Abstract
Background
Auscultation is a critical diagnostic feature of lung diseases, but it is subjective and challenging to measure accurately. To overcome these limitations, artificial intelligence models have been developed.
Methods
In this prospective study, we aimed to compare respiratory sound feature extraction methods to develop an optimal machine learning model for detecting wheezing in children. Pediatric pulmonologists recorded and verified 103 instances of wheezing and 184 other respiratory sounds in 76 children. Various methods were used for sound feature extraction, and dimensions were reduced using t-distributed Stochastic Neighbor Embedding (t-SNE). The performance of models in wheezing detection was evaluated using a kernel support vector machine (SVM).
Results
The duration of recordings in the wheezing and non-wheezing groups were 89.36 ± 39.51 ms and 63.09 ± 27.79 ms, respectively. The Mel-spectrogram, Mel-frequency Cepstral Coefficient (MFCC), and spectral contrast achieved the best expression of respiratory sounds and showed good performance in cluster classification.
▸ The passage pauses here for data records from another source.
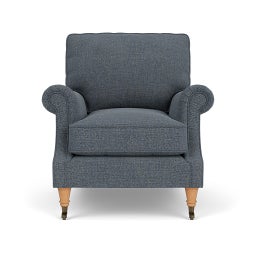 Taylor High Back Armchair L 91cm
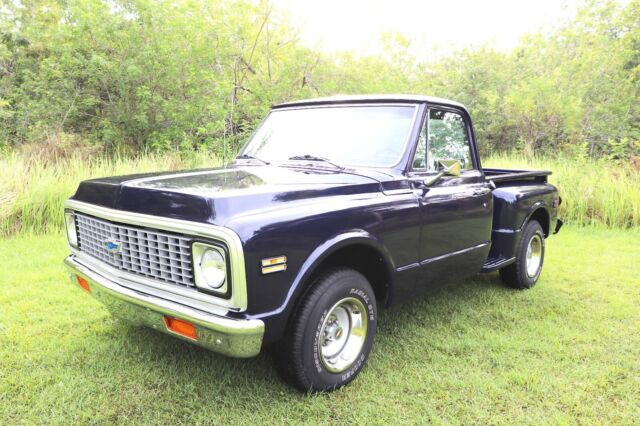 Chevrolet C-10 1972 image number 0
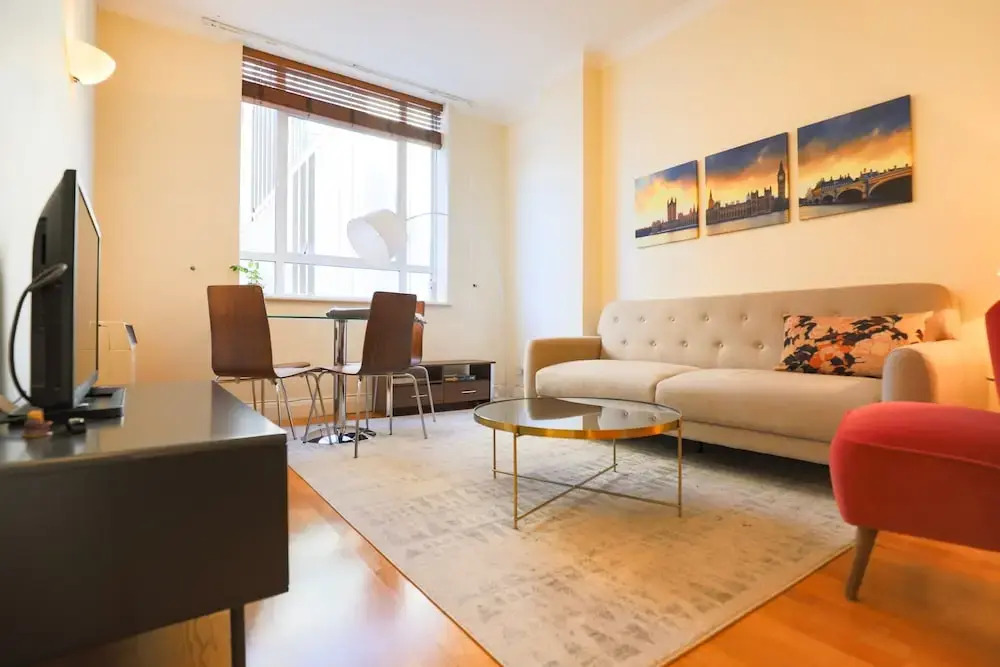 1 Bedroom Apartment Near Big Ben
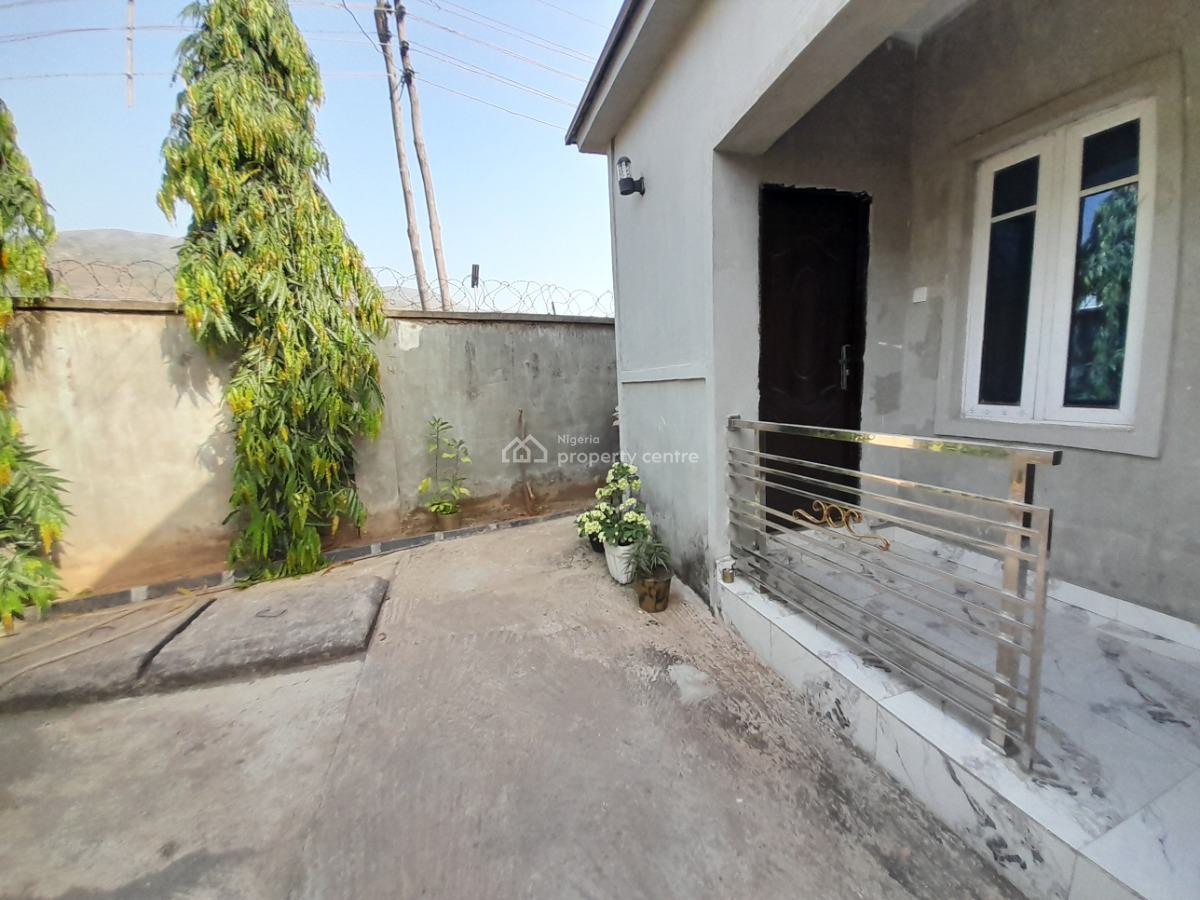Well-positioned Multi-unit Property in a Secure, Serene Estate, Arab Road, Kubwa, Abuja, Detached Bungalow for Sale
The SVM model using spectral contrast exhibited the best performance, with an accuracy, precision, recall, and F-1 score of 0.897, 0.800, 0.952, and 0.869, respectively.
Conclusion
Mel-spectrograms, MFCC, and spectral contrast are effective for characterizing respiratory sounds in children. A machine learning model using spectral contrast demonstrated high detection performance, indicating its potential utility in ensuring accurate diagnosis of pediatric respiratory diseases.